Algunos consideramos que ha llegado un punto en que la cuestión catalana sólo puede resolverse por elevación, a través de un gran pacto de Estado entre los dos grandes partidos nacionales para llevar a cabo una ambiciosa reforma constitucional e institucional
Es verdad que la Constitución establece que "la soberanía nacional reside en el pueblo español", pero no es menos cierto que también "reconoce y garantiza el derecho a la autonomía de las nacionalidades y regiones" que integran España, es decir, reconoce la existencia en España de otras realidades nacionales aparte de la española -que es la única nación política que conoce nuestra Carta Magna-, en implícita alusión a las nacionalidades o, si se quiere, naciones culturales de Cataluña, el País Vasco y Galicia. Ese poder político propio que la Constitución reconoce a las Comunidades Autónomas, que en modo alguno puede considerarse soberanía sino únicamente autonomía constitucional, supone en la práctica una limitación considerable a la soberanía del pueblo español. Tanto es así que, de la misma manera que podemos afirmar que el pueblo español constituido en nación no goza de absoluta soberanía exterior o jurídico-internacional, no resulta descabellado afirmar que tampoco ostenta la plena soberanía interior. Así, en el hipotético y, por ahora, nada probable caso de que se convocase un referéndum de reforma constitucional en el que la mayoría del pueblo español a excepción de los catalanes votase a favor de la supresión de las Comunidades Autónomas y de la centralización de todas las competencias en el Estado, el principio de autonomía consagrado por la Constitución no permitiría al Estado soslayar la decisión de los catalanes a favor del régimen autonómico.
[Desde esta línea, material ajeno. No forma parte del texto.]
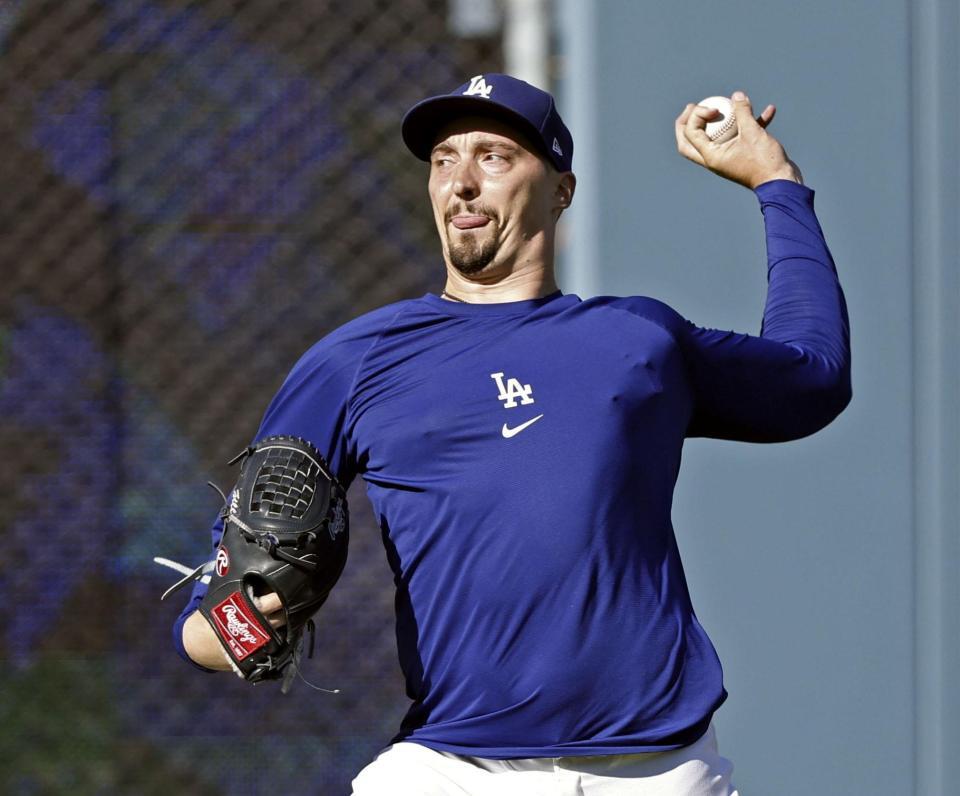 　キャッチボールするスネル（共同）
Otro tanto ocurriría en el caso de que se celebrase en toda España un no menos probable referéndum sobre la independencia de Cataluña y la mayoría de los españoles a excepción de los catalanes votase en contra de la secesión. ¿Qué sentido tendría entonces mirar hacia otro lado y obviar la voluntad de los catalanes? A mi juicio, ninguno.
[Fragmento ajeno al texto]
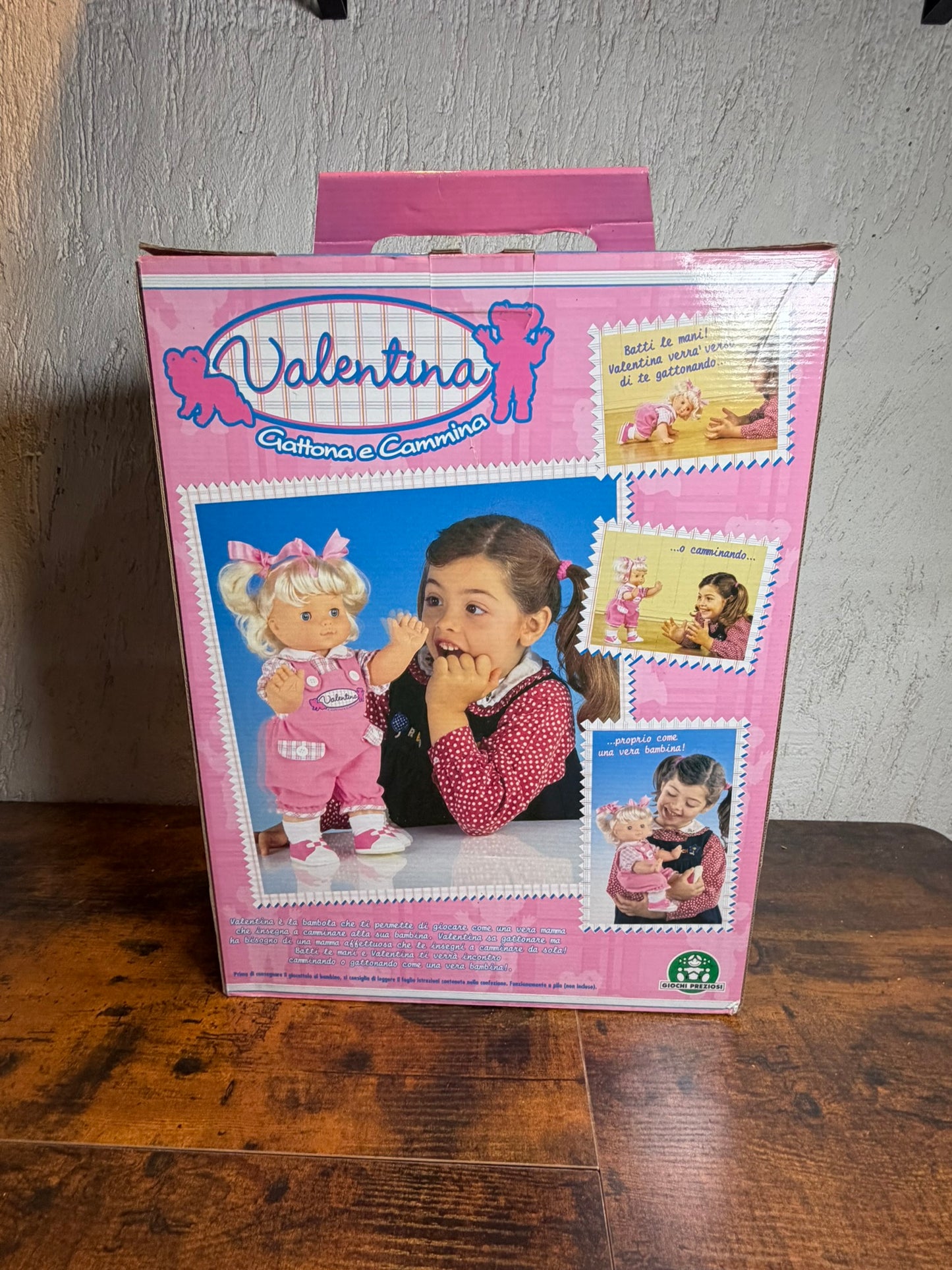 VALENTINA BAMBOLA Gattona e Cammina Original Doll Giochi Preziosi New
No creo que vayamos a solventar el problema catalán, o mejor dicho, el problema español enfrascándonos en un interminable debate sobre sujetos de soberanía. Al contrario, esa discusión sólo puede generar frustración y un recíproco sentimiento de agravio entre catalanes y españoles no catalanes. Algunos consideramos que ha llegado un punto en que la cuestión catalana sólo puede resolverse por elevación, es decir, a través de un gran pacto de Estado entre los dos grandes partidos nacionales para llevar a cabo una ambiciosa reforma constitucional e institucional que sirva para galvanizar el sentimiento de adhesión al proyecto colectivo de todos los españoles, incluidos por supuesto los catalanes.
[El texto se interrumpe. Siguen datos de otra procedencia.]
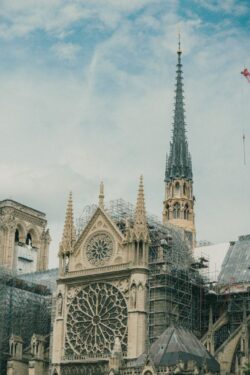 La catedral de Notre Dame de París recibe más visitantes que el Louvre y la Torre Eiffel 2 gavin li vX 9JSfGoc unsplash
Decía Edmund Burke en sus Reflexiones sobre la Revolución en Francia que "un Estado que carezca de posibilidades de cambio es un Estado sin medios de conservación", y advertía de que "sin dichas posibilidades, incluso se puede arriesgar la parte de la Constitución que más fervorosamente se desea conservar". Es imprescindible que el Gobierno central y el conjunto del pueblo español tomen conciencia de que lo que está ocurriendo en Cataluña no es un asunto privativo de los catalanes, sino que probablemente sea el más grave de los problemas que tenemos planteados los españoles, y de que si resultase que no somos capaces de encontrar entre todos posibilidades razonables de cambio, España tampoco tendría medios de conservación.
Las naciones todas son constructos ideológicos que, como diría el ideólogo de la unificación italiana Giuseppe Mazzini, nacen y mueren como los individuos. La longevidad de cualquier nación no depende de lo que digan las leyes, sino de su capacidad para mantener la adhesión de sus ciudadanos al proyecto común, lo que en tiempos democráticos como los actuales sólo puede lograrse mediante la persuasión. Es decir, consiguiendo que el proyecto sugestivo de vida en común del que hablaba Ortega salga periódicamente airoso del plebiscito cotidiano del que hablaba Renan, que partiendo del pasado compartido se proyecta sobre el futuro también conjunto. Decía Ortega que los grupos que conforman una nación no conviven por estar juntos, sino para "hacer algo juntos". Pues de eso se trata.